TASK OBJECTIVE:
For this exercise, reproduce only the lines from the one holding "亚洲最有影响力网络老马低价服务 第1张" through the final line of the data below, exactly, and omit pictures.

MATERIAL FOR THIS EXERCISE:
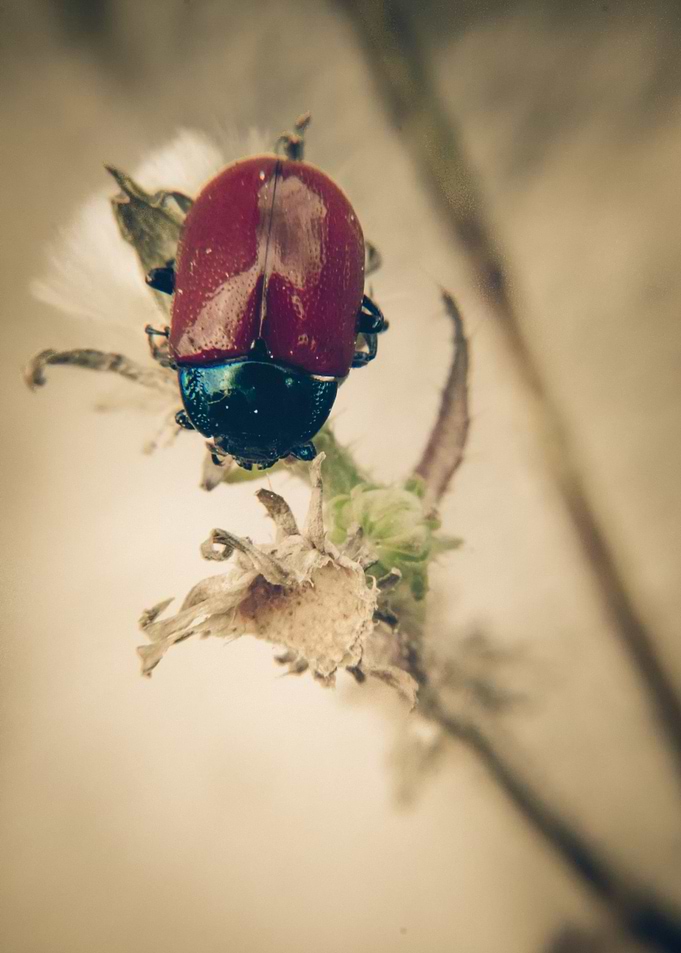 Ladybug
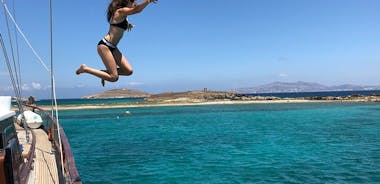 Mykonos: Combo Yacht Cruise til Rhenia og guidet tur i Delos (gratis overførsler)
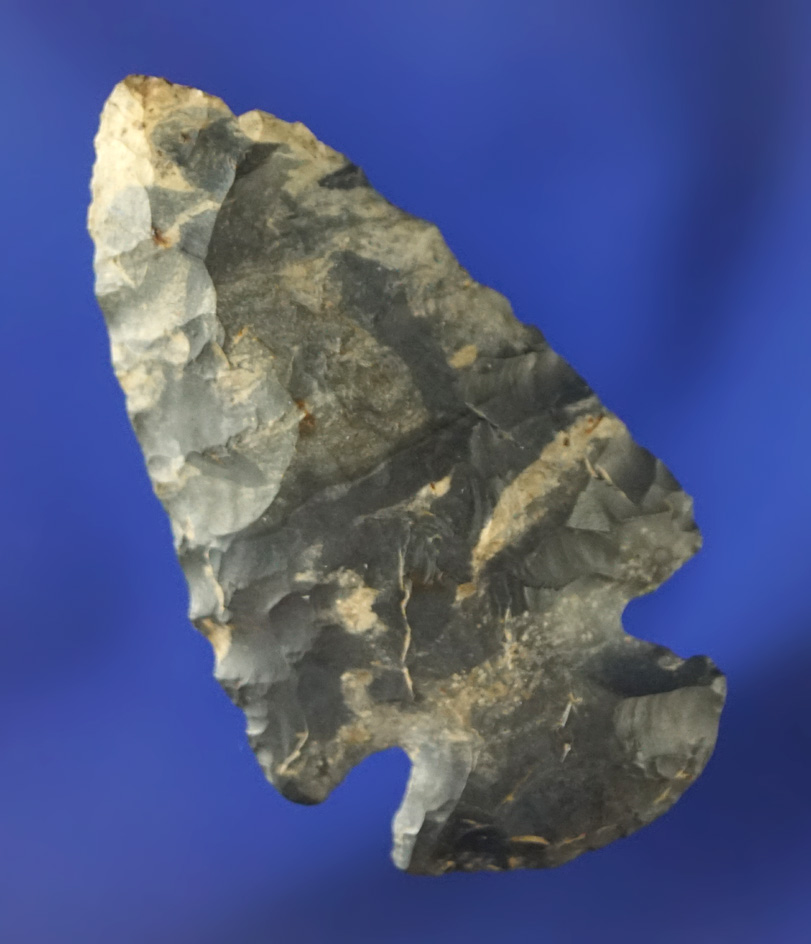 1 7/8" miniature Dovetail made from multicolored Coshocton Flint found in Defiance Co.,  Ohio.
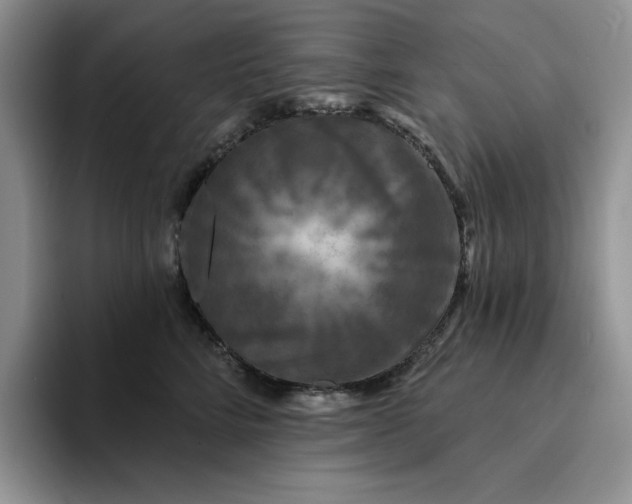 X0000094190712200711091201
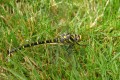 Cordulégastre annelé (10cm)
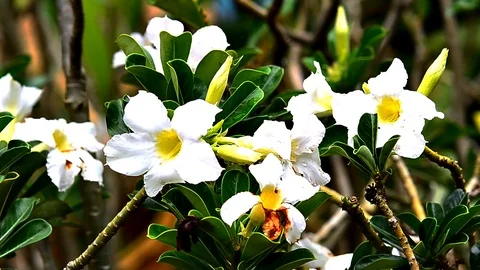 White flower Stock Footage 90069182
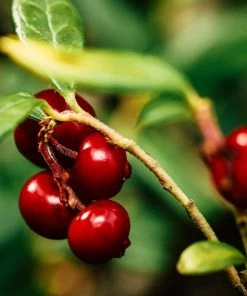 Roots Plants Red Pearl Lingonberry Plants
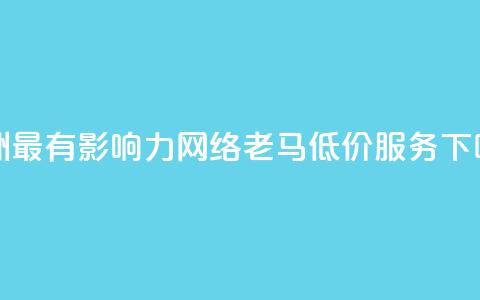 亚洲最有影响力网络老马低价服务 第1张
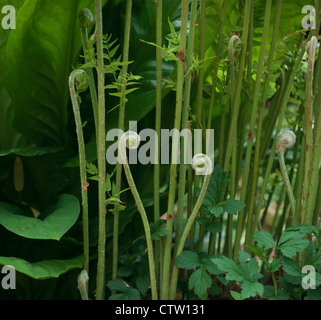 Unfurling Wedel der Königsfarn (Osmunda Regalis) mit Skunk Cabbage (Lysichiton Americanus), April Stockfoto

TASK SOLUTION:
 亚洲最有影响力网络老马低价服务 第1张
 Unfurling Wedel der Königsfarn (Osmunda Regalis) mit Skunk Cabbage (Lysichiton Americanus), April Stockfoto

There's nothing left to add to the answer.